NASA was using IBM computers, but some people wanted the human computers to check on those numbers. Shetterly writes “Every engineer and mathematician had a story of double-checking the machines’ data only to find errors…The human computers crunching all those numbers—now that the astronauts understood. The women mathematicians dominated their mechanical calculators the same way the test pilots dominated their mechanical planes…Spaceship-flying computers might be in the future, but that didn’t mean John Glenn had to trust them. He did, however, trust the brainy fellas who controlled the computers. And the brainy fellas who controlled the computers trusted their computer, Katherine Johnson…therefore, John Glenn trusted Katherine Johnson. The message got through…”Get the girl to check the numbers,” said the astronaut. If she says the numbers are good, he told them, I’m ready to go.”

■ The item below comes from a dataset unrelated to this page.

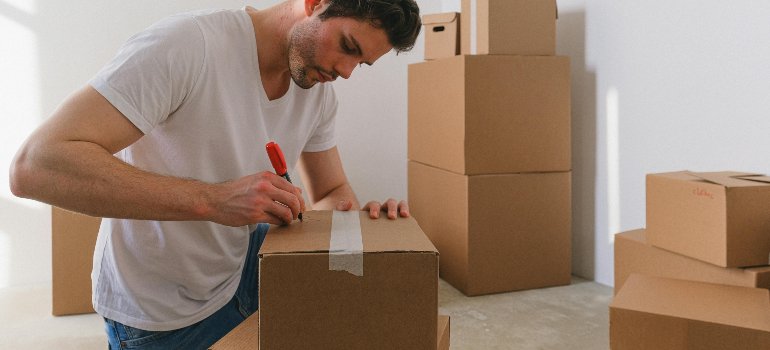 Young man using a red marker to label a cardboard box while preparing for a move surrounded by other packed boxes.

On page 223, the book reads, “Katherine organized herself immediately at her desk, growing phone-book-thick stacks of data a number at a time…She worked through every minute of what was programmed to be a three-orbit mission….At the end of the task, every number in the stack of papers she produced matched the (mechanical) computer’s output…The pressure might have buckled a lesser individual, but no one was more up to the task than Katherine Johnson.

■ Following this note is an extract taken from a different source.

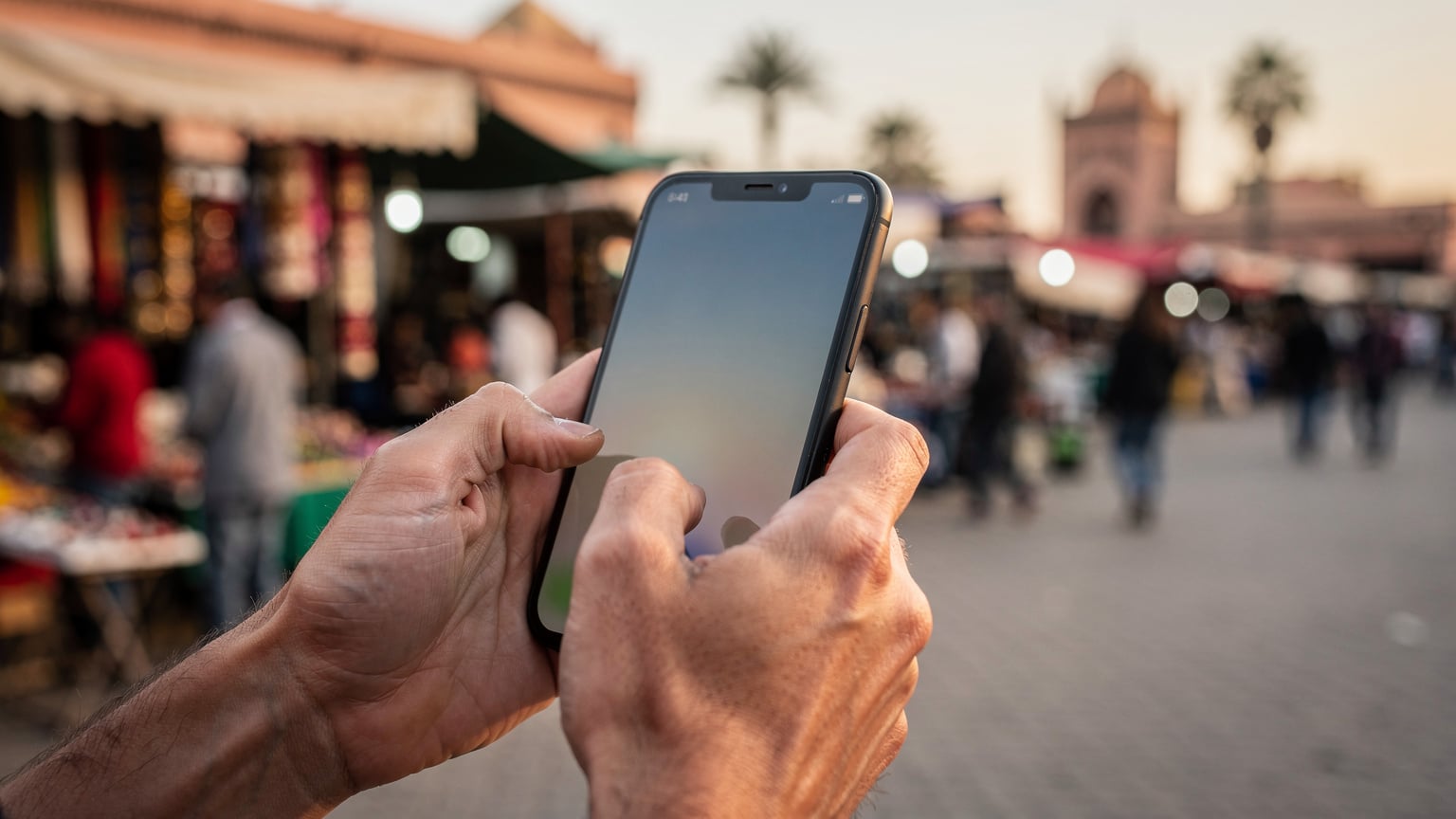 Close-up of a person's hands holding a smartphone, with a WhatsApp chat open, showing text messages quickly sending and receiving in a busy marketplace in Marrakech, Morocco.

“God speed, John Glenn,” and he got into space and safely back down thanks in part to Katherine Johnson, the human computer. Nowadays she is called a “retired NASA mathematician” and she is 100 years old and she has written her autobiography. Atheneum Books for Young Readers is bringing out her story, Reaching for the Moon. It is for middle readers. It is now in the Junior Biography Section of the Pine Bush Area Public Library.

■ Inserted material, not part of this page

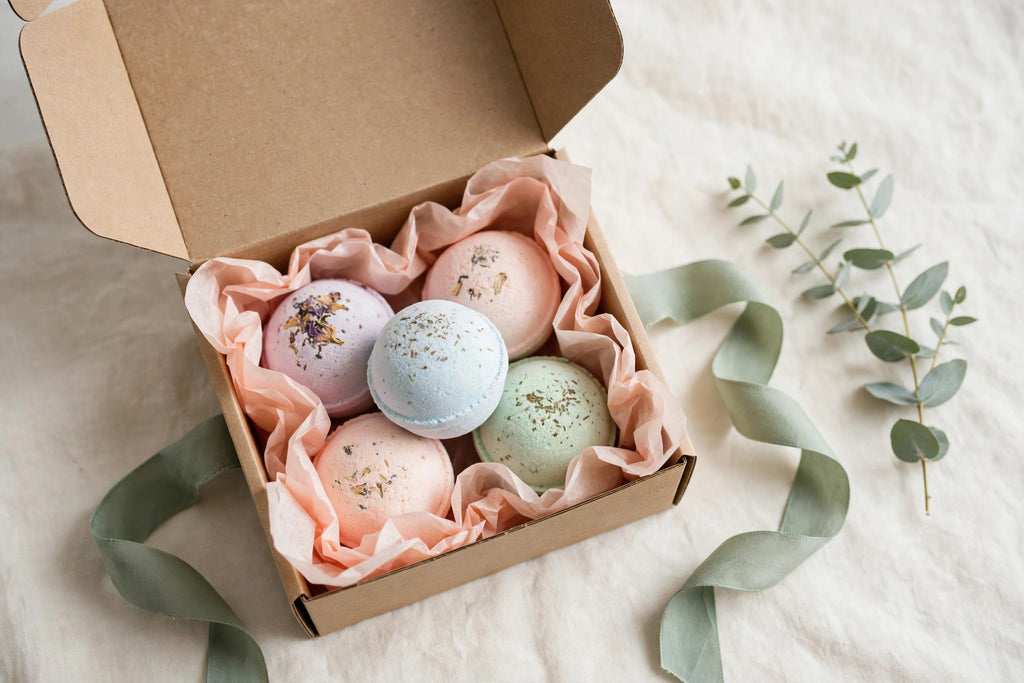 Open gift box of pastel bath bombs with ribbon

Back to Hidden Figures. It’s not all “God speed.” The book starts in 1943 at the Langley Memorial Aeronautical Laboratory, in Hampton, Virginia. The black women joined the West Computers. White women joined the East Computers. Then there’s the cafeteria, which was segregated. “Most groups sat together out of habit. For the West Computers, it was by mandate. A white cardboard sign on a table in the back of the cafeteria beckoned them, its crisply stenciled black letters spelling out the lunchroom hierarchy: COLORED COMPUTERS.
This is a book I can’t do justice to in a review. There is so much more to it than I can tell you about. Many different people and many situations make it a dense and strong book. Margot Lee Shetterly has moved heaven and earth to write about the black women and their families in the space program. And she says that she has not been able to cover everything that she had intended. So you must read this book for yourself, to get the true measure of it. Find it in the non-fiction section in Adult Services in the Pine Bush Area Public Library. And look in Chapter Twenty-Three, “To Boldly Go” for the conversation between the actress Nichelle Nichols (Lieutenant Uhura of Star Trek) and Martin Luther King, Jr. She was thinking of leaving the show in 1967. Dr. King convinced her to stay. “You can’t leave the show,” King said to Nichols. “We are there because you are there.” There—in the future on a starship which had no signs in its cafeteria about who could sit where.